Stored records:
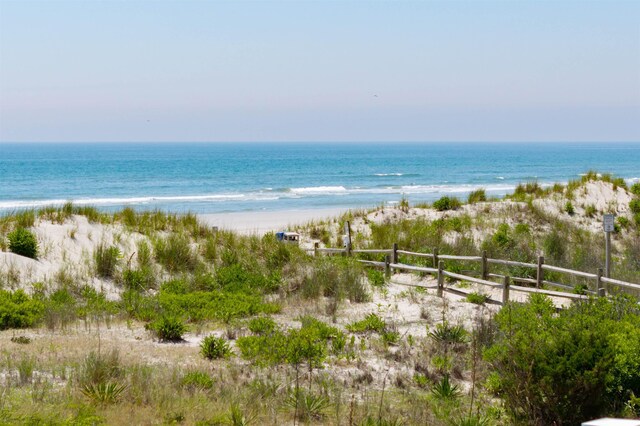 property view of water with a beach view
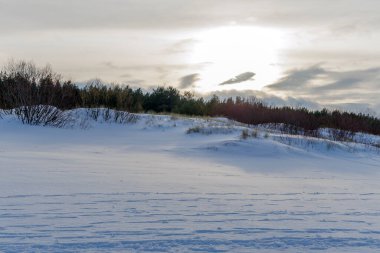 Güneş, karlı bir kıyı manzarasının üzerinde kum tepeleri ve çalılarla birlikte bir bulut katmanının arkasında batar. Sıcak altın ışık, beyaz kara huzurlu bir doğa görüntüsüyle vurur..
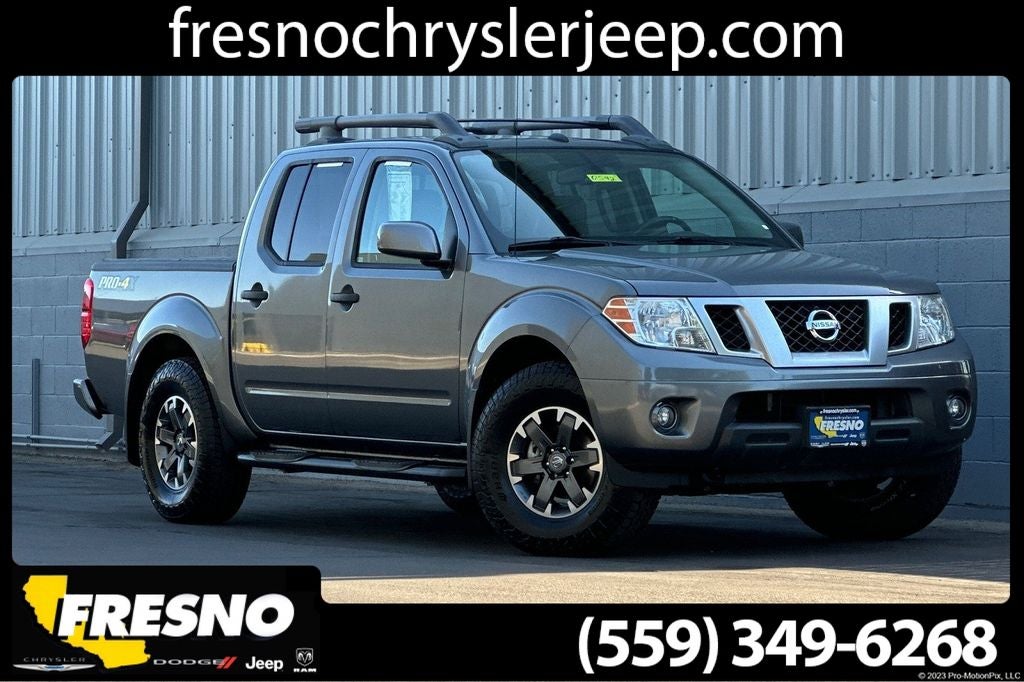 2020 Nissan Frontier PRO-4X in Gun Metallic — front three-quarter view
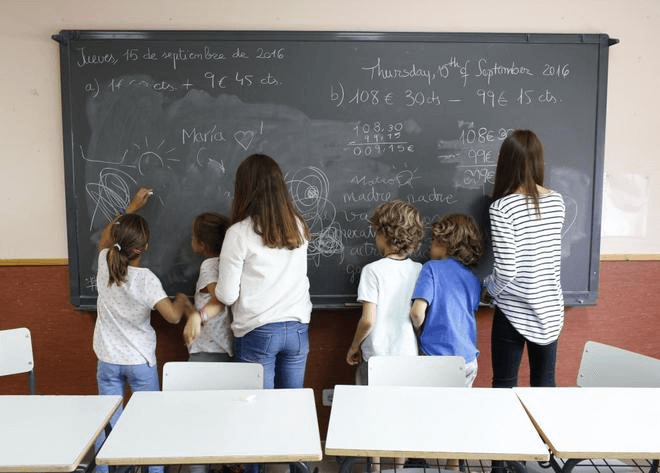 estudiantes escribiendo en el pizarrón escuela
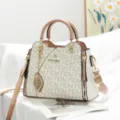 Elegant two-tone monogram tote bag with chic leaf pendant, spacious top-handle handbag. - Letter - White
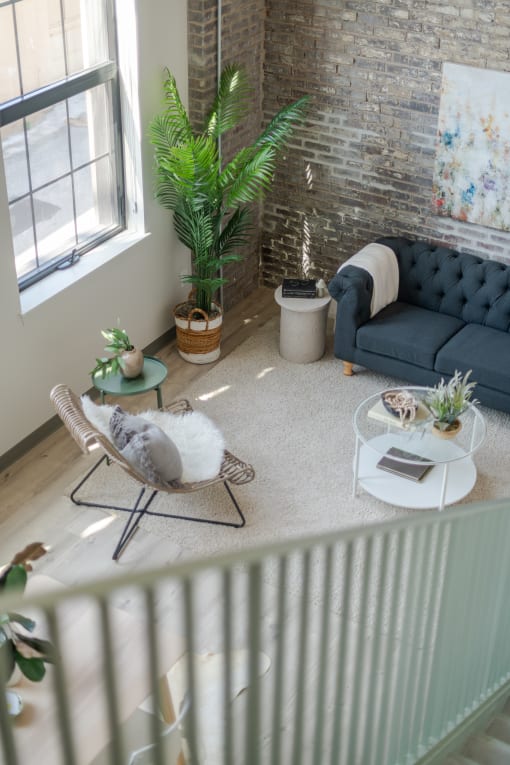 a living room filled with furniture and a large window at The 22 Apartments, St. Louis Missouri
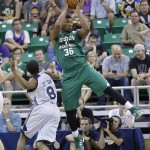               Boston Celtics' Marcus Smart (36) catches a pass as Utah Jazz's Bryce Cotton (8) looks on during the first half of an NBA summer league basketball game Monday, July 6, 2015, in Salt Lake City.  (AP Photo/Rick Bowmer)
            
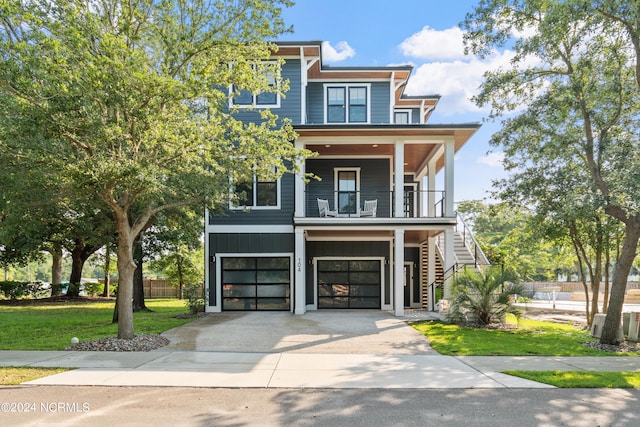 view of front facade featuring a front yard and a garage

> _What you have to do_
Transcribe each of the records above precisely, with no pictures in the copy.

> _Output_
 property view of water with a beach view
 Güneş, karlı bir kıyı manzarasının üzerinde kum tepeleri ve çalılarla birlikte bir bulut katmanının arkasında batar. Sıcak altın ışık, beyaz kara huzurlu bir doğa görüntüsüyle vurur..
 2020 Nissan Frontier PRO-4X in Gun Metallic — front three-quarter view
 estudiantes escribiendo en el pizarrón escuela
 Elegant two-tone monogram tote bag with chic leaf pendant, spacious top-handle handbag. - Letter - White
 a living room filled with furniture and a large window at The 22 Apartments, St. Louis Missouri
               Boston Celtics' Marcus Smart (36) catches a pass as Utah Jazz's Bryce Cotton (8) looks on during the first half of an NBA summer league basketball game Monday, July 6, 2015, in Salt Lake City.  (AP Photo/Rick Bowmer)
            
 view of front facade featuring a front yard and a garage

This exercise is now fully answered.